UK Muslim women encouraged to report hate to new charity-backed watchdog

Stock image of a Muslim woman pushing a buggy under a railway bridge in London.
Photograph by Stefan Wermuth/Reuters

The Muslim Women’s Network UK will launch the Muslim Safety Net Service on 1 October 2025


Aisha Rimi

Reporter

Muslim women and girls are being encouraged to report hate and discrimination to a new watchdog run by the Muslim Women’s Network UK (MWNUK) that launches next month.

The Muslim Safety Net Service, set to go live on 1 October, aims to capture incidents that often go unreported, according to the network’s founder, crossbench peer Shaista Gohir.

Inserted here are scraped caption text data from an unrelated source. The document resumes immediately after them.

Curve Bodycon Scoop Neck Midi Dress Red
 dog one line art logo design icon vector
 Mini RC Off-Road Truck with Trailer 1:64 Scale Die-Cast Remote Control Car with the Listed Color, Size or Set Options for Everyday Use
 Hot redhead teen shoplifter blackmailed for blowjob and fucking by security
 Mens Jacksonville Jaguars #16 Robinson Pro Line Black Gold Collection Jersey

“We know that 80% of Muslims do not report hate crime incidents,” said Baroness Gohir, referring to the charity’s research from 2024. “Knowing the true scale really helps to show policymakers how bad the situation is. We need the numbers, data and stories to drive the point home — that way we can put pressure on those in charge to do something.”

News of the service comes just a few months after the government awarded funding to the newly formed British Muslim Trust (BMT) to record incidents of anti-Muslim hatred across the UK. The BMT itself replaced Tell Mama, which had been publicly funded to log Islamophobia since its launch in 2012.

Asked why the MWN was launching its own reporting service, Gohir told Hyphen the charity already had an established helpline and reputation that she hoped would encourage Muslim women, in particular, to use it.

“Our service is open to everybody,” said Gohir. “But our strength is particularly around Muslim women. They can trust us because we’ve been running a helpline for 10 years, where women have been contacting us with very difficult situations around abuse.”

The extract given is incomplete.